Italy has taken another step toward making EU Regulation 2024/1689 (the "AI Act") operational on the ground. On June 10, 2026, the Italian government granted preliminary approval to two draft legislative decrees designed to implement Italian Law No. 132/2025 and align Italian law with the AI Act. The first builds the national enforcement framework, addressing authorities, supervision, sanctions, regulatory sandboxes, training, and employment safeguards. The second focuses on law-enforcement use of AI and introduces targeted civil and criminal liability rules. The texts are not yet final, but the trajectory is clear: AI governance in Italy is becoming more structured, documented, and subject to review.
For businesses, the central concern is evidentiary readiness. The Agency for Digital Italy (Agenzia per l'Italia Digitale) and the Italian Agency for National Cybersecurity (Agenzia per la Cybersicurezza Nazionale) are expected to anchor the implementation framework, with sector regulators retaining oversight in banking, finance, insurance, data protection, and other regulated markets. Going forward, regulators, courts, employees, counterparties, and insurers will likely demand more than the existence of an AI policy—they will want to see that the company can demonstrate how AI systems are inventoried, classified, tested, monitored, updated, and supervised.
Employment use cases deserve particular attention. Decisions affecting hiring, role changes, termination, discipline, or other employment matters should not be delegated entirely to automated processing.
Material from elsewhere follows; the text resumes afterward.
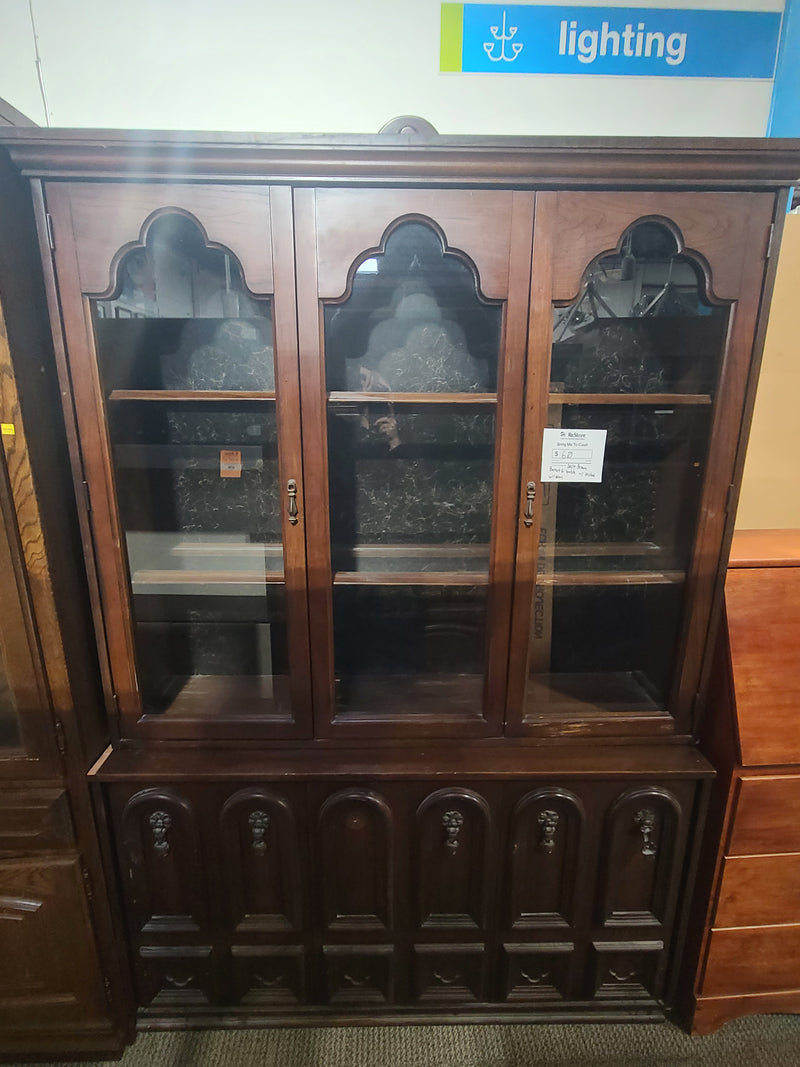 Elegant Dark Brown Traditional China Cabinet/Hutch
Human review must be meaningful, and employers may be required to explain—through documented human intervention—the AI system's role in the decision and the principal parameters it considered.
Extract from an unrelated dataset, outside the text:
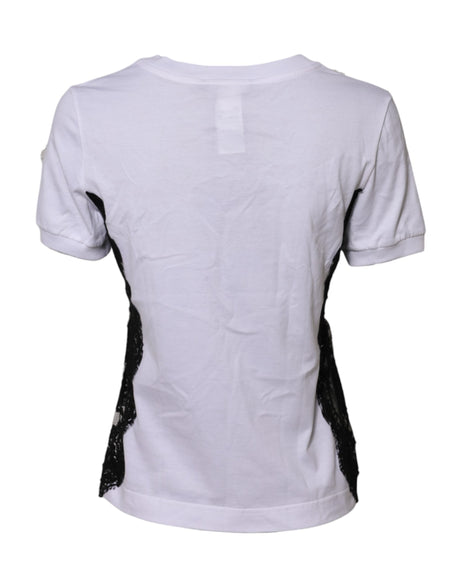 Dolce &amp; Gabbana Hvid Blomsterblonde Top T-shirt med DG-detaljer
Technology providers and deployers should also scrutinize biometric and law-enforcement tools, high-risk AI system classifications, vendor contracts, insurance coverage, trade-secret protections, and litigation preparedness. The next practical steps are straightforward: Map current AI use, confirm AI Act risk classifications, assign accountable owners, strengthen HR and vendor controls, and maintain records demonstrating human oversight and effective risk management.